Last year, “Saturday Night Live” experienced backlash after cast member Kenan Thompson prompted a conversation about not only the lack of diversity on the show but, specifically, the exemption of black women.
His comments implied that black female comedians were simply not prepared to join the cast, and it was met with widespread outrage.
In an effort to undoubtedly diffuse the uproar, the show’s executive producer, Lorne Michaels, hired LaKendra Tookes and Leslie Jones as writers and comedian Sasheer Zamata as a cast member.
On Thursday, the show proved to once again be working toward expanding and diversifying its cast when it announced Michael Che would be working as the first black anchor in the show’s regular “Weekend Update” segment. Che, previously a “The Daily Show” correspondent and a former SNL writer, will be replacing cast member Cecily Strong on the desk.
Although the decision deserves applause, it’s all too clear that Che is replacing the wrong co-anchor. Colin Jost, who took over after Seth Meyers’ departure earlier this year, has spent months delivering lackluster performances opposite Strong.

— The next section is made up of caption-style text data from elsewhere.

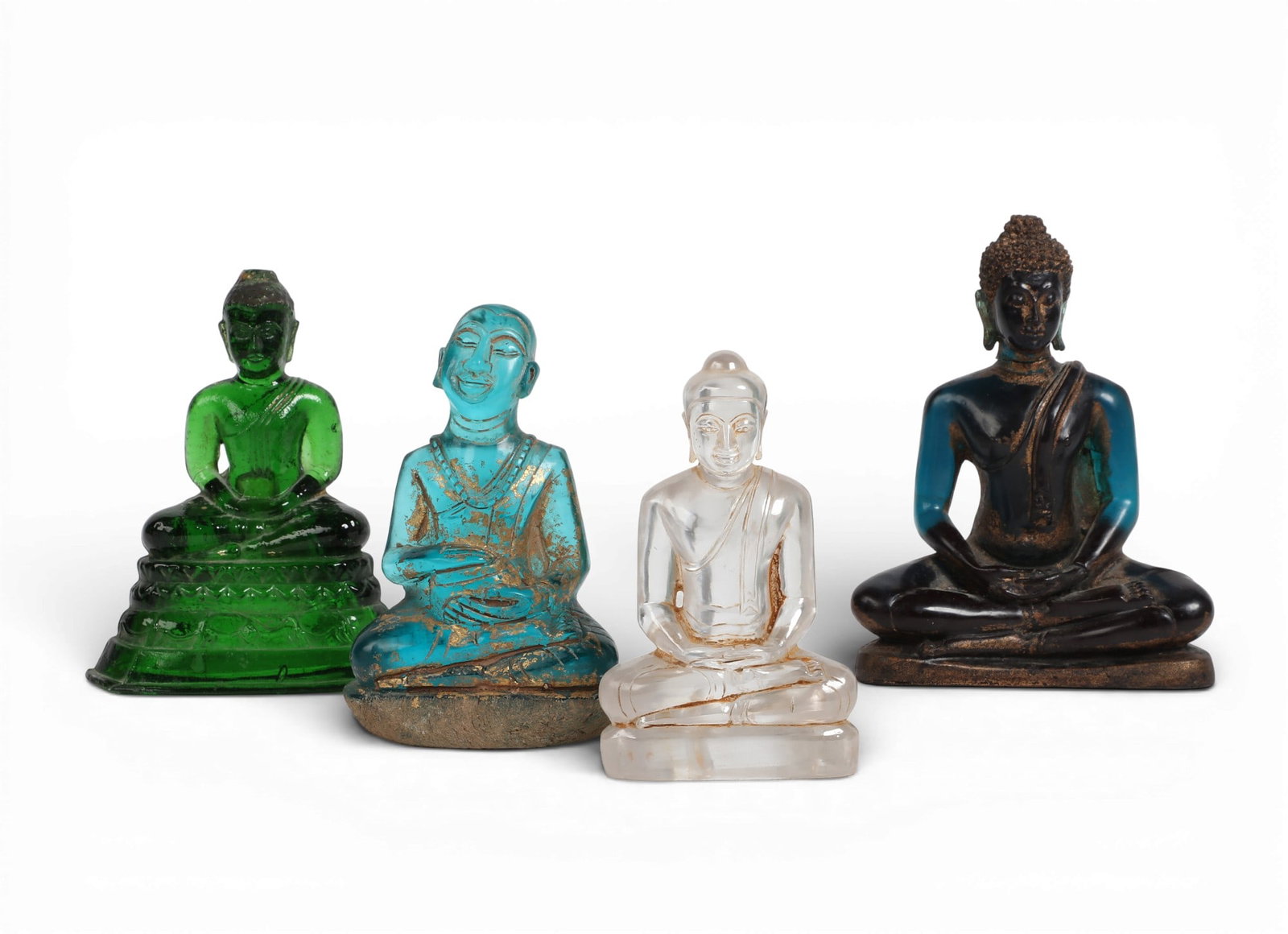 Four Asian quartz, glass and resin seated devotional figures: Four Asian quartz, glass and resin seated devotional figures Three models of Buddha and one of a monk. largest height 6 1/4in (16cm); width 4 3/4in (12cm); depth 2 1/4in (6cm) Provenance: Property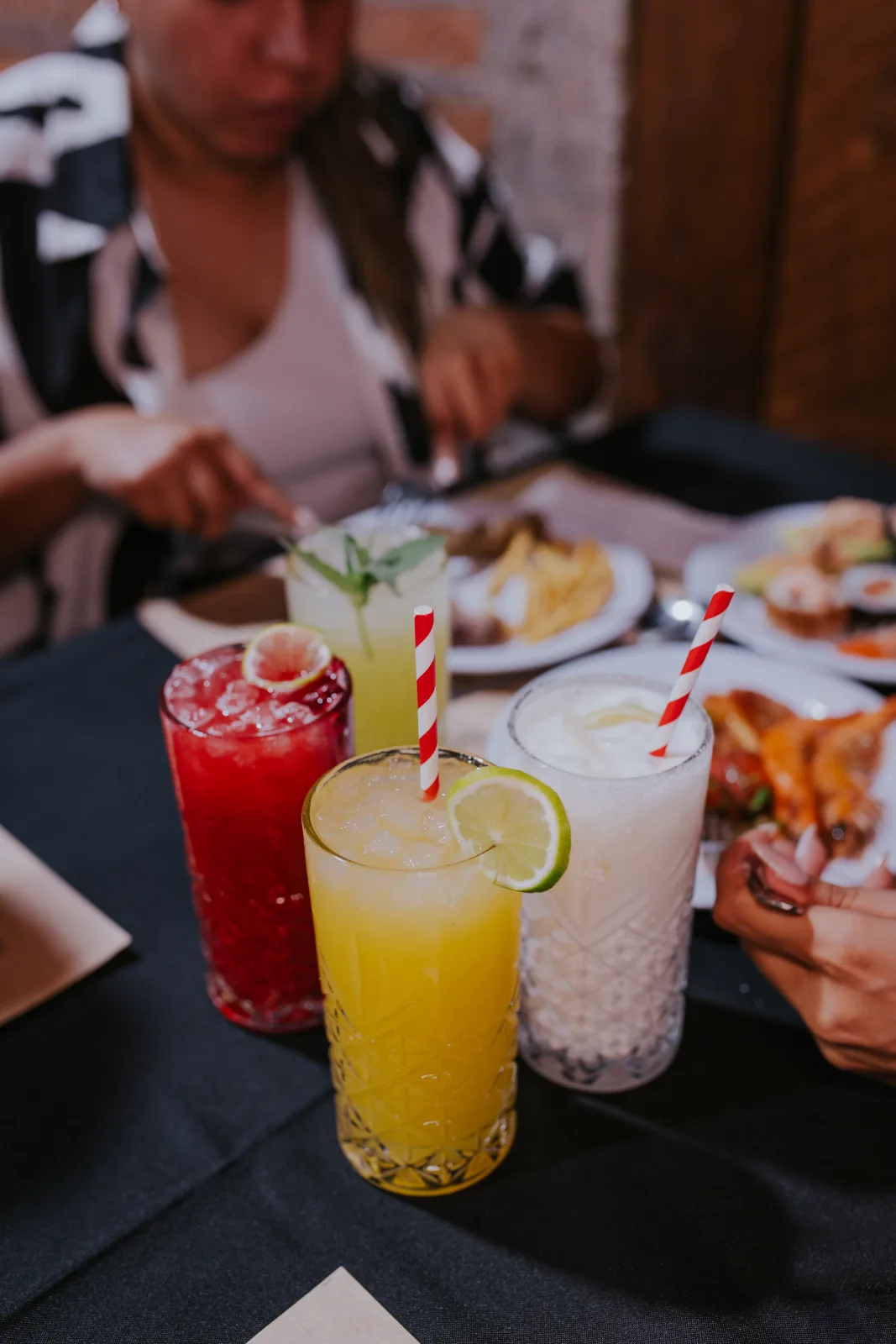 Tres bebidas refrescantes de colores con bombillas y limón sobre mesa con platos de fondo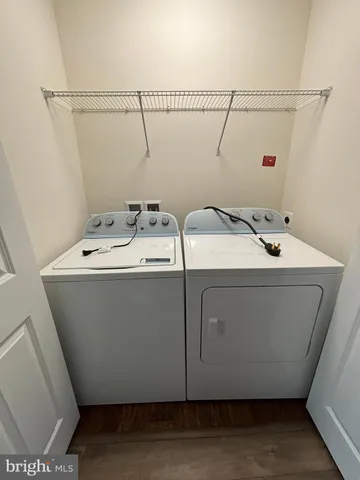 a view of a livingroom with wooden floor and staircase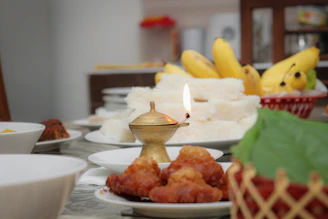 A vibrant banana leaf spread laid out on a rustic wooden table, with brass vessels and traditional kolam patterns in the background.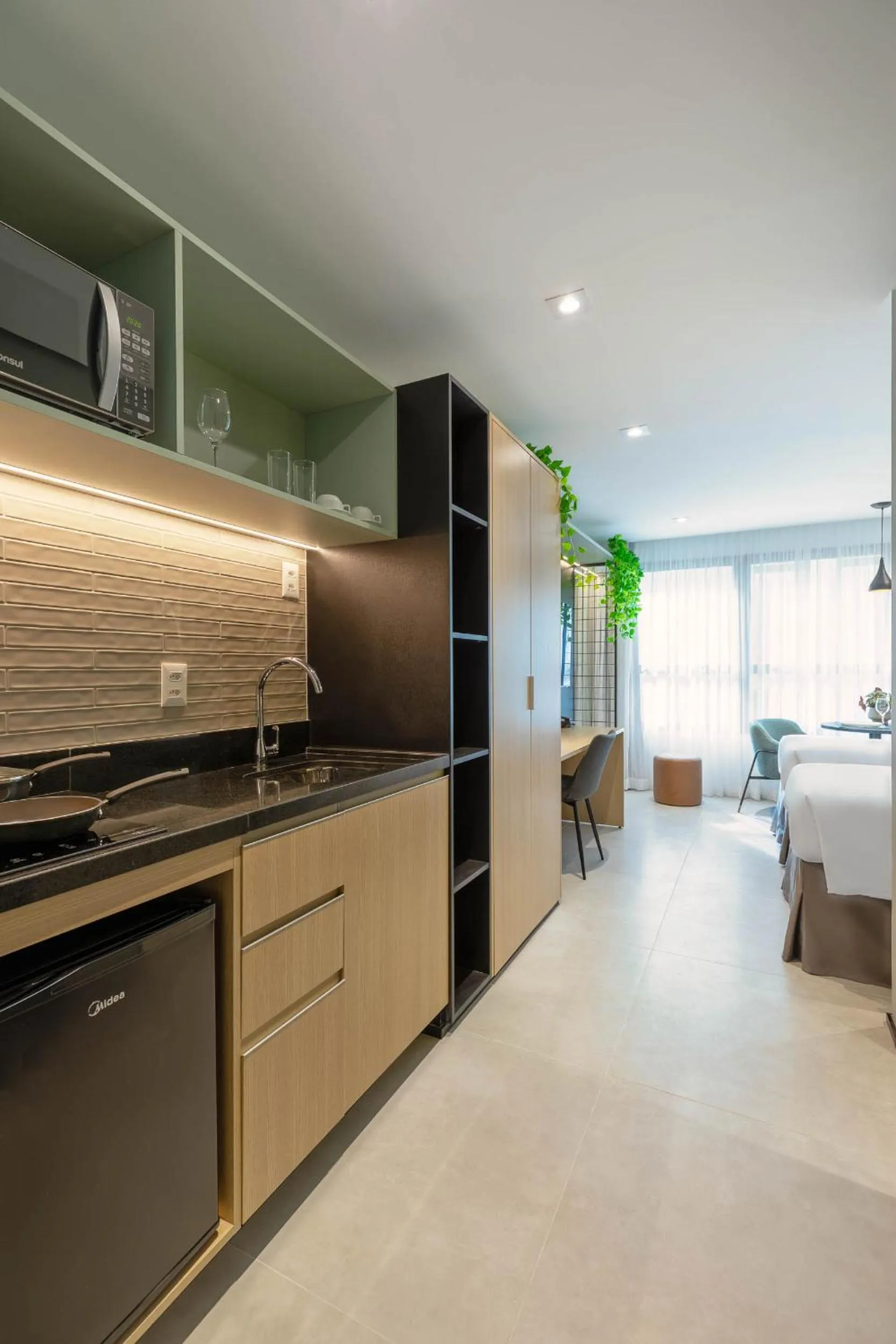 Kitchen or kitchenette in Cozzy Premium Paulista Hotel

Instead of embracing his own talent and delivery, Jost seems unsure of himself, and his default setting reads as a bad Meyers impression. As the head writer of the show and respected stand-up performer, Jost didn’t seem to fall comfortably into place or, at least, not as comfortably as Strong did.
Fans of the show took to Twitter to express the same reaction: SNL picked the wrong co-host to drop.

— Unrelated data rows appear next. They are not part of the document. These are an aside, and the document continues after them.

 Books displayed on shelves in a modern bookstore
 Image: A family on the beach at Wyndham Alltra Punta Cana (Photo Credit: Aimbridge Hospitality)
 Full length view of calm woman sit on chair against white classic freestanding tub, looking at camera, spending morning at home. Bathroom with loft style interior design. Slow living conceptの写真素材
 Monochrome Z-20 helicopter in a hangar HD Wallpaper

This is the first time in the show’s history that “Weekend Update” will include two male co-anchors, overlooking Strong and the multiple other female comedians who have the talent to fill such a role. Michaels has since ensured the public that the decision is not a reflection of Strong’s talent and will open her up for more of the sketch opportunities that she enjoys. Strong echoed that sentiment Friday when she took to Instagram.
“I don’t see this as me leaving update, just as me being on update in a looser, goofier way that is a lot more fun for me and in a way I think I’m better at,” she said in a caption.

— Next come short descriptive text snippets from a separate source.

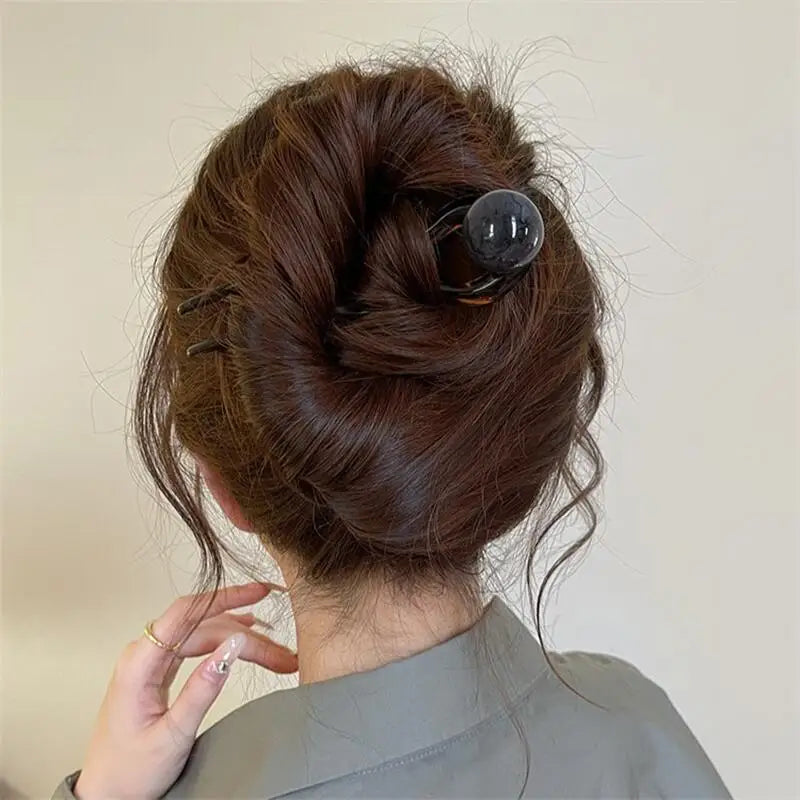 Colette Bonbon tortoise hair pin with glass bead in a low bun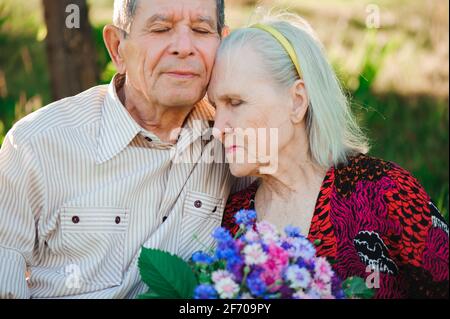 Schöne happy achtzig Jahre alte Menschen im Park sitzen. Stockfoto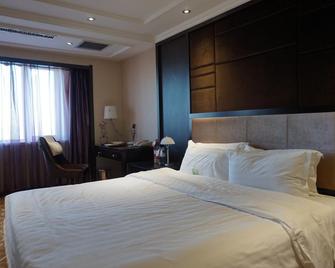Harbin Zhengming Jinjiang Hotel - Harbin - Habitación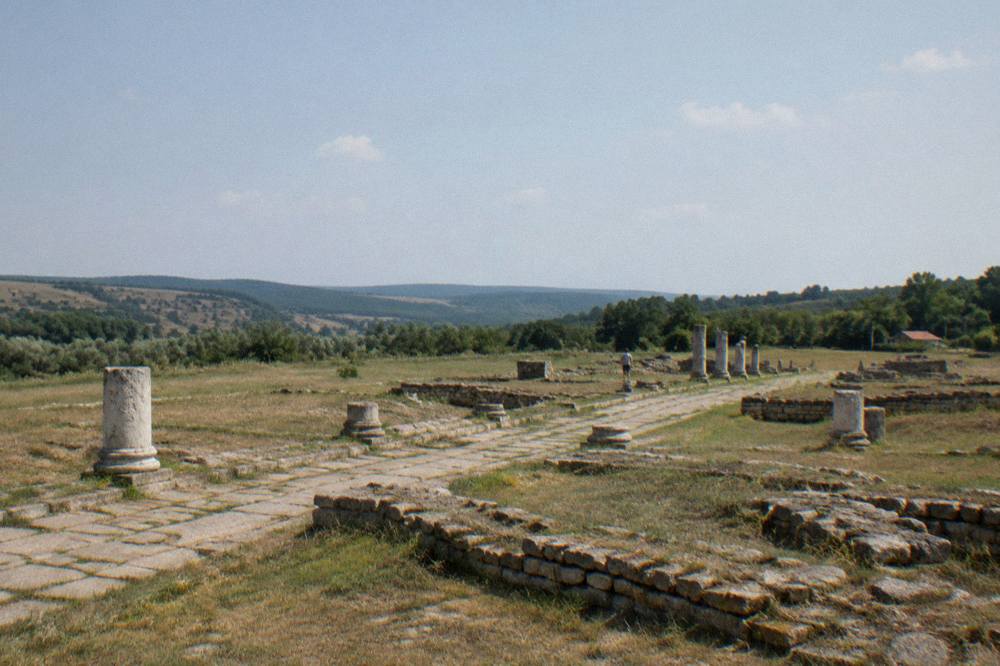 Ancient stone outlines stretching across a quiet field at the edge of a village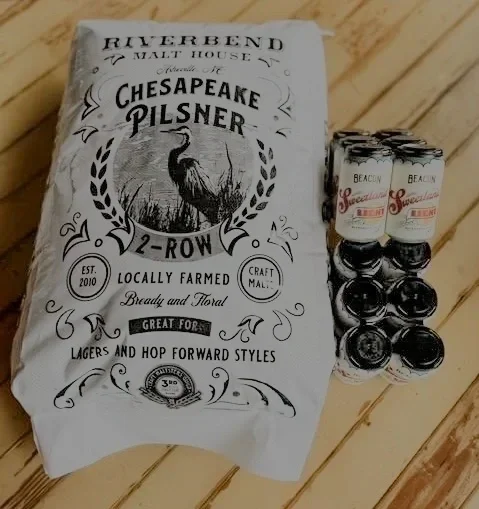 A bag of Chesapeake Pilsner 2-Row malt from Rivertend Malt House and several cans of Beech Nut Baby Food on a wooden surface.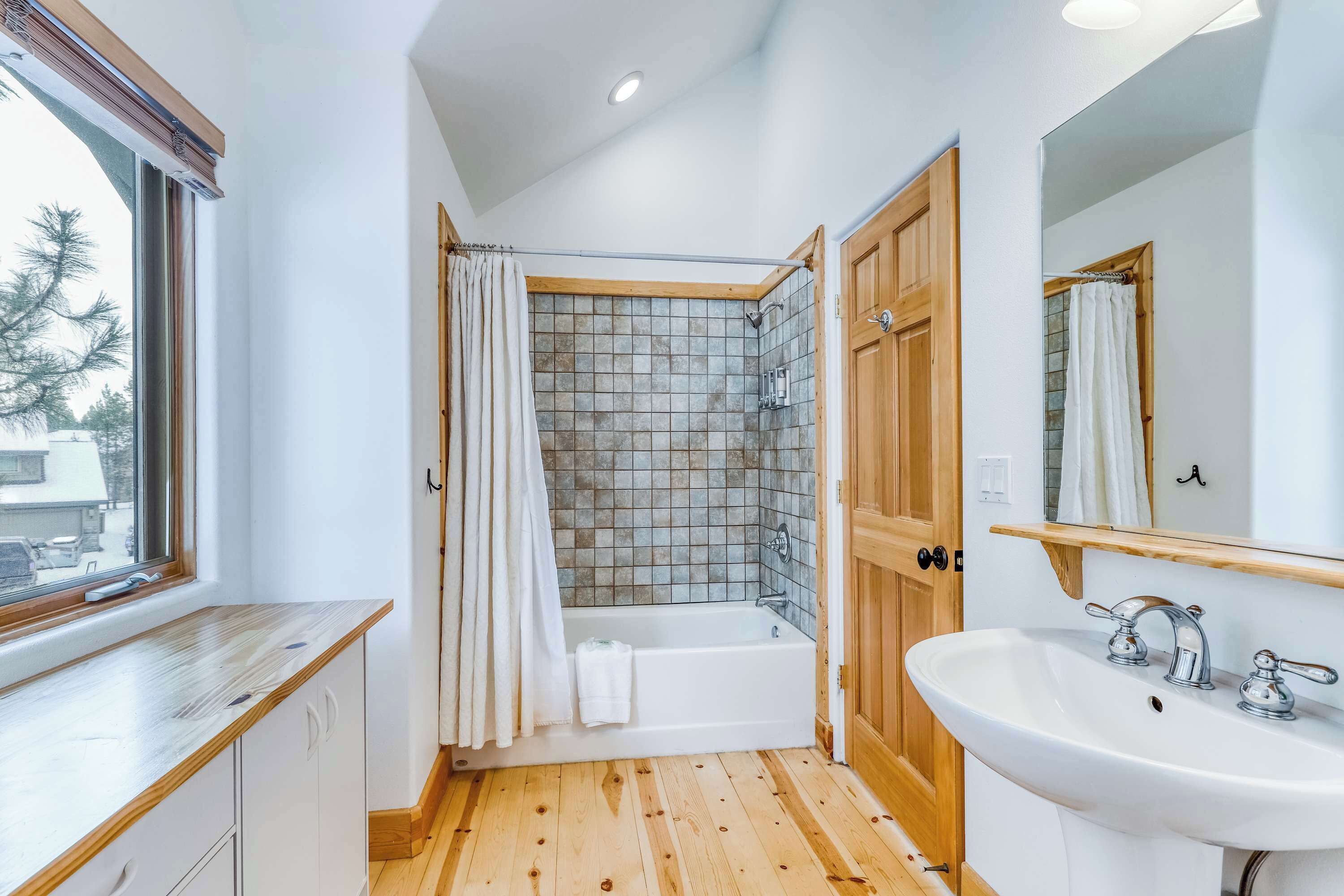 A bathroom with a wooden floor, a white bathtub, a white sink, a wooden door, and a window with a view of trees.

However, the change could also be interpreted as a viable opportunity to ensure the show doesn’t do the unthinkable — seat a black male opposite of a white woman in the show’s most prominent sketch.
It’s no secret that women and minorities are only allowed to exist in certain spheres within Hollywood. Black men typically don’t appear opposite of white women, and black women might only appear opposite of white men if the dialogue addresses the racial difference of the individuals.
While “SNL’s” addition of Che is important in working toward a more dynamic and diverse cast, the decision has taken the guaranteed opportunity of a woman to appear at least once a week on the show. Once again, it reassures the audience that the disproportion of the cast, whether it be in terms of race or gender, is still prominent.
Whatever racial undercurrent the decision might or might not have taken into account, Che is a welcomed addition to the “SNL” cast. He’s proved his smooth and sarcastic style delivers and will inevitably shake up the “Weekend Update” desk.